A chaque échelon, Jean-Louis Guillet s'éloigne un peu plus du plancher des vaches. Et des camions et gilets fluorescents qui sont sous lui. Dix mètres plus haut, voilà que le Fribourgeois a achevé de grimper l'échelle du site industriel d'Onnens. Des panneaux solaires s'étendent à perte de vue.
Cet homme de 53 ans a transformé ce village de 500 âmes de la rive nord du lac de Neuchâtel en un paradis solaire. Plus de 30'000 modules produisent sur ce toit de l'énergie pour 2300 ménages, ce qui fait de son installation la plus grande du pays. Et cela a des effets: à Onnens, le taux d'utilisation de l'énergie solaire atteint 61,4%. La moyenne suisse? A peine 6%...
Un délai d'attente de huit mois
Le soleil commence à percer l'épaisse couche de nuages. De fins rayons atteignent les modules solaires, faisant bouger de plus en plus vite les plus petites particules de silicium. Le silicium est ce que l'on appelle un semi-métal, dont sont composées les modules. Les particules qui s'y trouvent, également appelées électrons, sont dirigées dans une direction commune. C'est ce qui créé de l'énergie, en silence et sans bruit. Sans gaz d'échappement ni déchets nucléaires.
Jean-Louis Guillet montre du doigt un pylône situé non loin de là. L'énergie produite est directement acheminée vers le réseau électrique. Elle y est achetée par Pronovo, le programme de promotion de l'énergie solaire, et distribuée aux ménages suisses.
Avant, ce quinquagénaire était actif dans la technologie du lait. C'est pendant son travail de Master qu'il a découvert le potentiel de l'énergie solaire. Sans hésiter, il fonde dès 2008 sa société, Soleol, à Estavayer-le-Lac (FR). Elle installe, loue et vend des panneaux solaires aux particuliers et aux entreprises.

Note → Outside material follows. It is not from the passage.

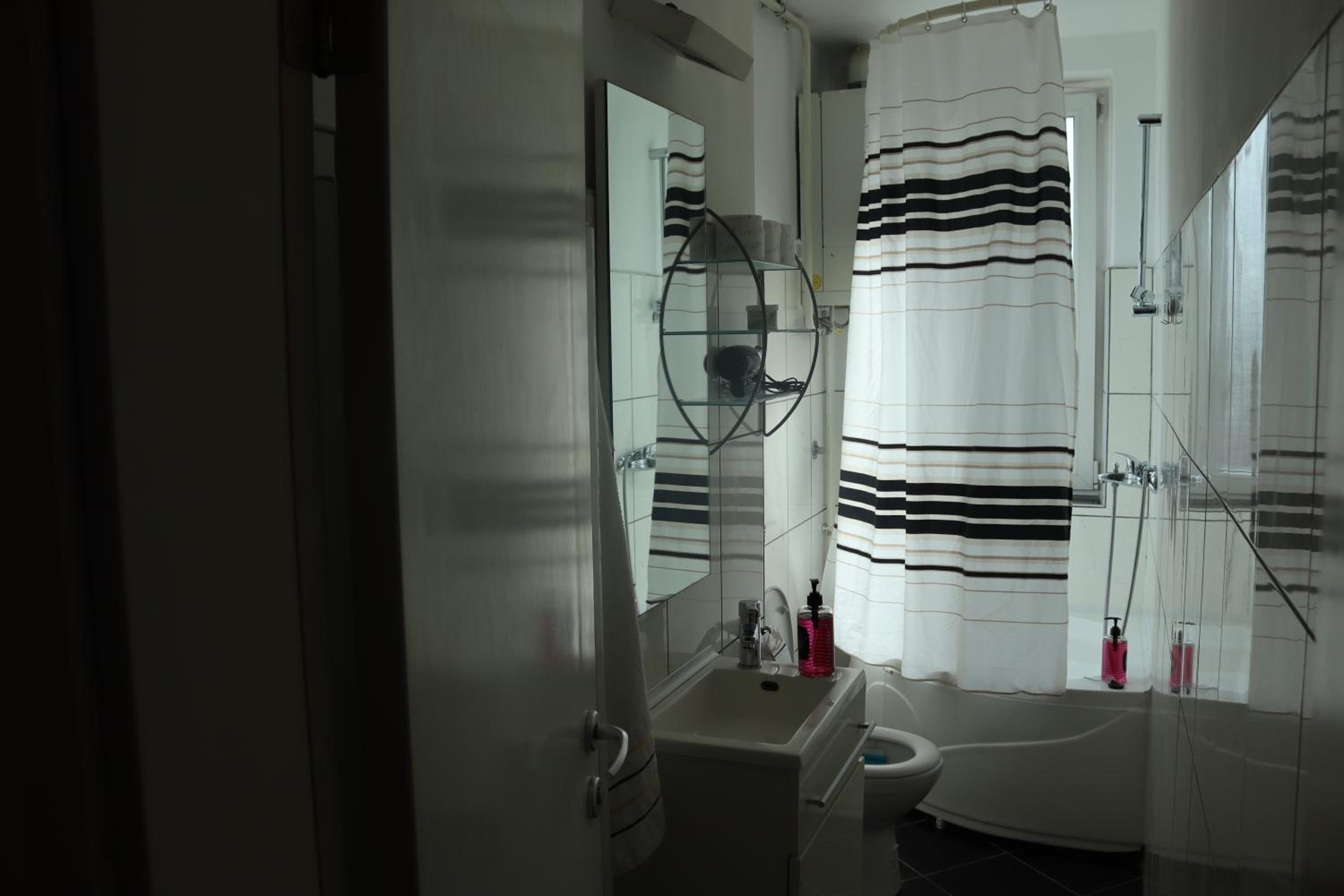 Moonlight Shadow Apartment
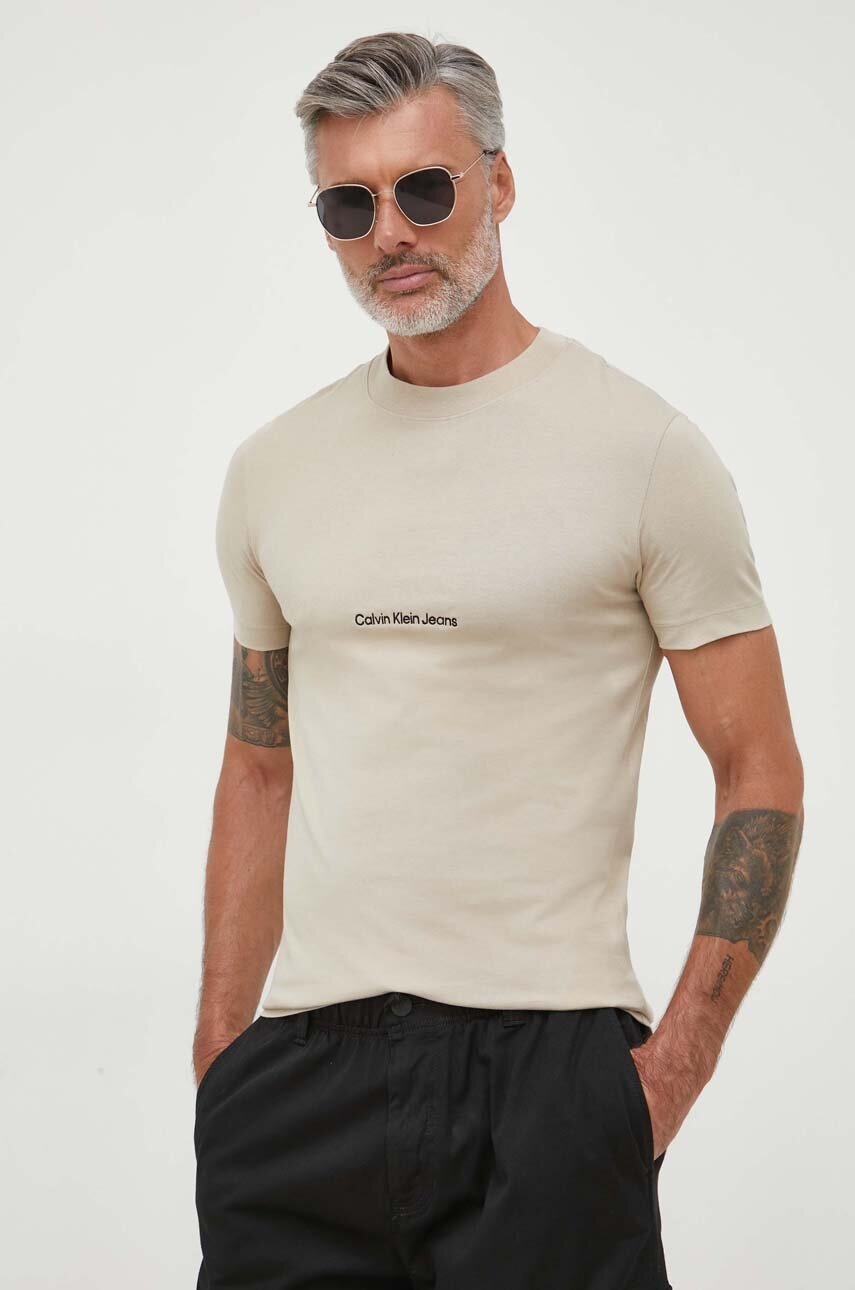 

Памучна тениска Calvin Klein Jeans в бежово с апликация, Бежов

Avant que la crise énergétique ne s'aggrave avec la guerre en Ukraine, l'équipe de Guillet comptait 70 collaborateurs. Aujourd'hui, elle en compte plus d'une centaine. Et pourtant: malgré ce renfort d'effectifs, le délai d'attente est passé d'un mois au début de l'année à huit mois. «Tout le monde veut des panneaux solaires, et surtout le plus vite possible», sourit ce fils d'une mère péruvienne et d'un père laitier fribourgeois.
Beaucoup de ceux qui étaient autrefois rebutés par les coûts d'acquisition élevés — Jean-Louis Guillet les estime à 10'000 francs pour une maison de quatre personnes, sans chauffage, subventions et déductions fiscales comprises — sont en train de changer d'avis. C'est le porte-monnaie qui parle: plus l'électricité est chère, plus l'amortissement d'une installation personnelle est rapide. Aujourd'hui, il faut compter en moyenne six à sept ans. Mais cela va encore diminuer, selon le Fribourgeois.
La Suisse, lanterne rouge du solaire
Le changement de mentalité qui est en train de s'opérer est extrêmement important, affirme Christina Marchand. Cette femme de 53 ans (elle aussi!) est experte du marché suisse de l'électricité et de l'énergie, enseigne à la ZHAW, la Haute école zurichoise d'arts appliqués, et a fondé le service de comparaison d'électricité Mynewenergy. «Pour que nous puissions réussir la stratégie énergétique 2050 et sortir du nucléaire, explique-t-elle, nous devons absolument aller plus vite dans l'énergie solaire et éolienne.»
Car malgré le boom actuel de l'énergie solaire, la Suisse reste l'un des derniers pays d'Europe. Christina Marchand y voit trois raisons. D'abord, il y a la part élevée d'électricité hydraulique et nucléaire en Suisse. «Comme notre électricité est plutôt pauvre en CO2, l'incitation n'est pas très grande à faire quelque chose pour le climat avec de l'énergie renouvelable.» Deuxièmement, l'électricité solaire a été peu encouragée, selon l'experte.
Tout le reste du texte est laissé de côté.